No person, firm or corporation dealing with the Partnership shall be required
to inquire into the authority of the Partners acting through the Management
Committee to take any action or make any decision hereunder.

5.3   Delegation of Responsibility to Management Committee.
      Each Partner shall appoint two natural persons to represent that Partner
      on the Management Committee of the Partnership. The persons so appointed
      by each Partner shall be from time


                                      16




    




      to time herein called the "Partner's Representatives" on the Management
      Committee and any one of such representatives shall be called "Partner's
      Representative". The name of each such representative shall be notified
      to the other Partner by the Partner appointing same and any such
      representative may be removed by the appointing Partner, such removal
      being likewise notified to the other Partner.

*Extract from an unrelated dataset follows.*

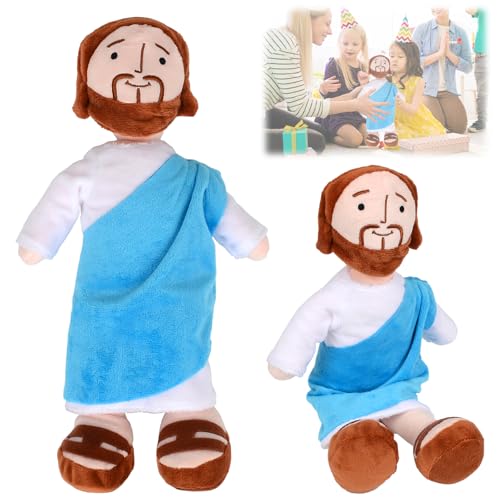 xinrongda Jesus Plush, Niedliches Jesus Plüschpuppe, Cartoon Jesus Christus Plüschtier, Christus Religiöser Retter Jesus Kuscheltier, Katholische Weihnachts- und Ostergeschenke von xinrongda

The Partners hereby
      delegate responsibility for the conduct of the business and affairs of
      the Partnership to the Management Committee.

5.4   Power of a Partner's Representative.
      Each Partner will take such action as is internally required within that
      Partner to provide each of its Partner's Representatives on the
      Management Committee sufficient authorization to bind and legally act on
      behalf of that Partner so long as his appointment remains in effect.
      Persons or entities dealing with the Partnership may rely upon the
      signatures of one representative of each Partner as binding upon the
      Partnership.

5.5   Management of the Partnership Business.
      The Management Committee shall conduct the property, affairs and
      business of the Partnership and shall make all decisions pertaining to
      the kind of business to be transacted (including decisions which expand
      or otherwise change the purpose of the Partnership as stated in Section
      1.3 above), the establishment of budgets for the Partnership, and the
      establishment of Partnership policies, including, but not



                                      17



    




      limited to, tax policies. In addition, the Management Committee may
      exercise on behalf of the Partners any of the powers of the Partners
      specified in Section 5.2 hereof. Unless otherwise specifically provided
      for herein, any decision of the Management Committee shall require the
      consent of all representatives on such Committee.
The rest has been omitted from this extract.